リンは、新しい仕事先に行きました


ゼロからのスタートに選んだ職場は・・・。

高級で短期間でも稼げると聞き、芸者のお仕事にしました。

芸者と言っても、コンパニオンと変わりません。

着物を身に付けた、ただの酌婦です。


リンは、30才を過ぎキャバクラや風俗に勤める勇気が無かった。

住む場所も借りる資金に不安があった・・・。

住込み制度があるので最終的にこの仕事に決めたのでした。


でも、数ヶ月働いてみたが、思っていたよりも仕事が少なく、全然お金が貯まらない。

「もっと、稼げると思っていたのに・・・」

無意味にダラダラ過す日が多くなったきた感じ・・・。


そんなある日、コンビニで変わった雑誌を見つけたんです。

簡単に言うと『出会い系』みたいな雑誌ですね。

かなり退屈していたリンは、仕事先から近い範囲の場所に住む『ケンジ』に手紙を書いてみました。

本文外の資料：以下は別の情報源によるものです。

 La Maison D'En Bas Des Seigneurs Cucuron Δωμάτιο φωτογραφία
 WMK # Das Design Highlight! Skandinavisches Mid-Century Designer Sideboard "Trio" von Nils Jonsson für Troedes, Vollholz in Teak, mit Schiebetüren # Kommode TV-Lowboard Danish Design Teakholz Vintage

ケンジは9才年上のサラリーマンらしく、独身でマイカーと持ち家があるらしい・・・。

そんなプロフィールを読んで、少し魅力を感じた。


数日後、ケンジから返事が届きました。

送られてきた手紙の内容が、とても好印象でした。

そして、何度か文通をしていたら、どんどんケンジが気になる存在になりました。

「この人に逢いたいな・・・」


また、数日が経ち、いよいよケンジに逢う日が来たんです!

リンは、ココ一番のお洒落をして、ケンジに逢いに行きました。

その第一印象は、

「うぅっ・・・、かなりカッコいい!モテそうだなぁ・・・」

無茶苦茶リンのストライクゾーンだった。

「ケンジと付合いたい!!!」

って、気持ちになっちゃって・・・。


その後、休みの度にケンジと逢うようになったのです。

そしてケンジから、

「リン?仕事辞めてオレと一緒に住もうよっ」

その言葉を言わせた瞬間、

「やったね!ケンジGET!」

って、嬉しくて嬉しくて胸中爆発寸前でしたね。


この時、まだ体の関係もなくて、

「誠実なんだなぁ~、体目当てのヤツとは大違い」

なんて思いながら、これからの幸せな生活に酔いしれてました。


リンは芸者の仕事を辞めて、ケンジと暮らすことを決意したのでした。